Pochi film hanno la rara capacità di crearsi uno spazio nella memoria collettiva e di restare nel cuore dei propri spettatori, oltre la brevissima finestra di distribuzione nelle sale. Ancora meno sono le pellicole che è possibile indicare senza imbarazzo come esempio più fulgido del cinema di un’intera epoca. “Il Gattopardo”, di Luchino Visconti, riunisce in sé queste straordinarie qualità e molte altre. Prodotto nel 1963, cinque anni dopo l’uscita del romanzo capolavoro di Giuseppe Tomasi di Lampedusa da cui è tratto, “Il Gattopardo” è ancora oggi una delle opere più esteticamente appaganti e intellettualmente stimolanti mai realizzate. Luchino Visconti non fu scelto subito come regista, ma e per i suoi nobili natali, che gli permisero di cogliere a pieno lo spirito del protagonista, e per il suo cinema fortemente estetizzante fu senza dubbio la scelta migliore, almeno dal punto di vista artistico.

Da quello produttivo, infatti, “Il Gattopardo” fu un disastro: gli incassi furono straordinari, tant’è che ancor oggi è uno dei film più visti della storia del cinema italiano, ma proprio a causa del perfezionismo di Visconti, il budget divenne così elevato da costringere la sua casa di produzione a fermare la propria attività. Ciononostante, bisogna essere grati che un tale sforzo produttivo fu effettuato. La storia de “Il Gattopardo” è notissima.

È il 1860. Dopo essere sbarcato a Marsala, Garibaldi si prepara a prendere la Sicilia e dare vita al regno di Italia, con a capo il re Vittorio Emanuele. Il principe di Salina (Burt Lancaster), Fabrizio Corbera, è un nobile siciliano, grande appassionato d’astronomia e uomo dall’intelligenza acuta e penetrante. Ormai nel pieno della sua maturità, ha da fare i conti con la fine della sua epoca giacché l’aristocrazia, di cui incarna tutte le virtù migliori, è destinata a cambiare ruolo in un panorama politico e sociale stravolto.

Il gattopardo. Locandina

Suo nipote Tancredi (Alain Delon), giovane rivoluzionario e vitalissimo, è il suo riflesso fin dall’entrata in scena, la testimonianza continua di ciò che il principe è stato ed ora non è più. Il suo amore con la bellissima Angelica (Claudia Cardinale), figlia di don Calogero, è uno degli snodi centrali del film.

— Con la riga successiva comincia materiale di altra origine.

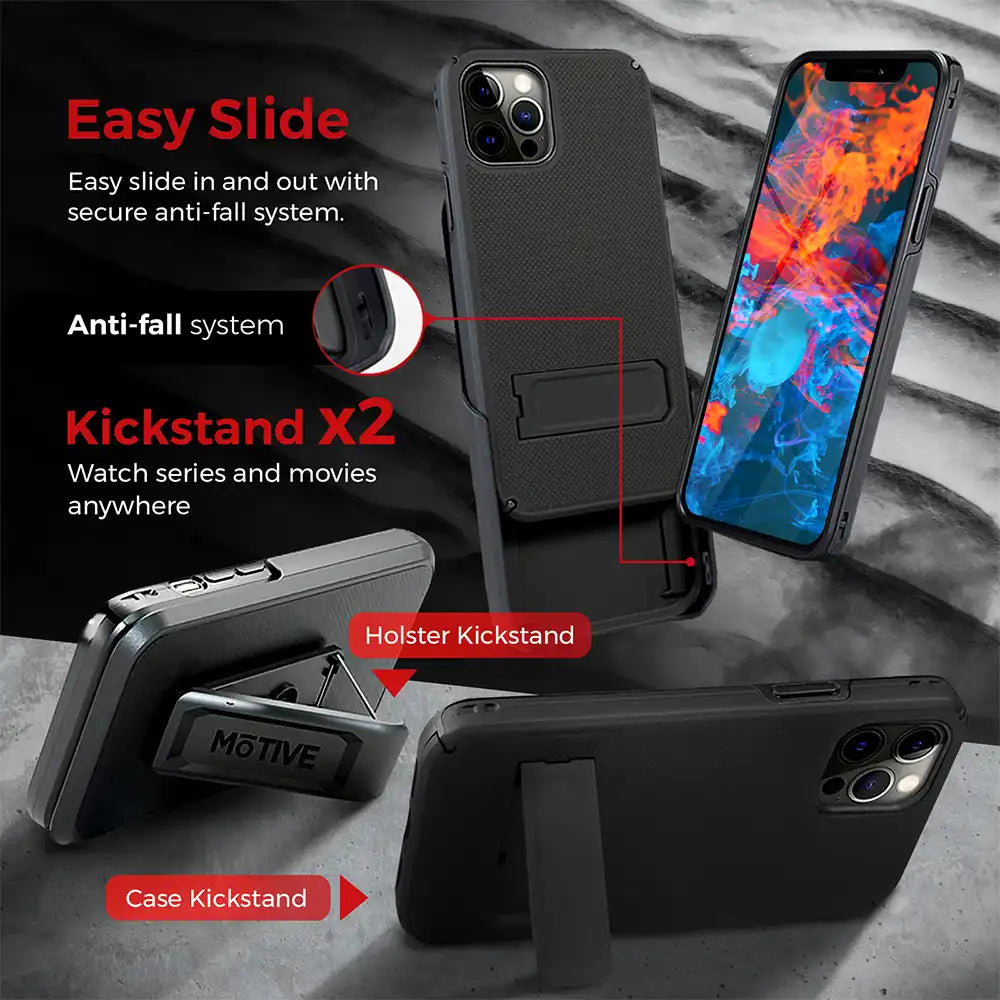 iPhone 13 Pro Max Holster with belt clip and dual kickstands for secure and versatile phone use.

L’opera di Visconti descrive con eccezionale lucidità quello che era uno dei temi centrali del romanzo: lo scontro tra l’aristocrazia, ormai superata ma ancora esistente, e l’arrembante quanto astuta borghesia, incarnata nella figura di don Calogero (Paolo Stoppa), una classe sociale disposta a tutto pur di prendersi quello spazio che l’aristocrazia ormai non può più non cedere.

È davvero impossibile riassumere a parole la grandezza di un’opera non solo lunghissima, ma anche profondissima, densa di temi e di riflessioni. È necessario però citare la meravigliosa scena finale di ballo, celebratissima e a ragione. Negli ultimi 45 minuti della sua pellicola, Visconti compie un vero e proprio miracolo cinematografico. I costumi di Piero Tosi sono meravigliosi e la scenografia di Mario Garbuglia mozzafiato: lo spettatore vede, dinanzi ai suoi occhi, l’aristocratica opulenza in cui i protagonisti del film hanno vissuto tutta la loro vita, ormai politicamente svuotata di senso.

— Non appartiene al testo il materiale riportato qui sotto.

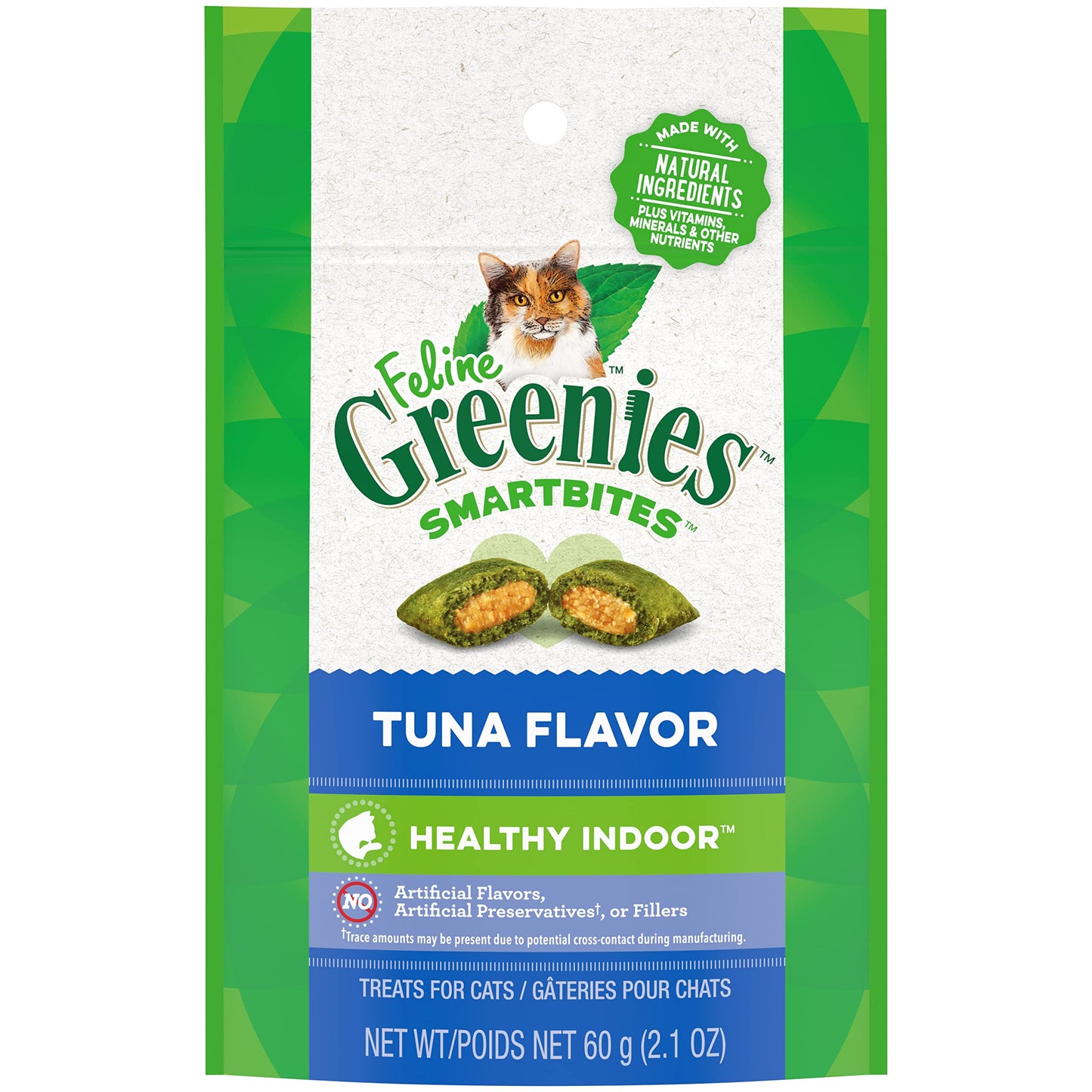 Greenies Feline Smartbites Healthy Indoor Natural Treats for Cats, Tuna Flavor, 2.1 oz. Pouch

Don Fabrizio lo sente più di tutti e Visconti ci permette di vagare insieme a lui tra queste stanze dorate. Burt Lancaster riserva al principe di Salina una delle sue migliori interpretazioni di sempre e attraverso i suoi occhi, la sua malinconia, lo spettatore vede la fine di un’epoca e di una vita. Le musiche di Nino Rota e un valzer di Verdi fanno il resto.

Anche a distanza di 60 anni, “Il Gattopardo” è uno dei migliori film di sempre, da vedere e rivedere.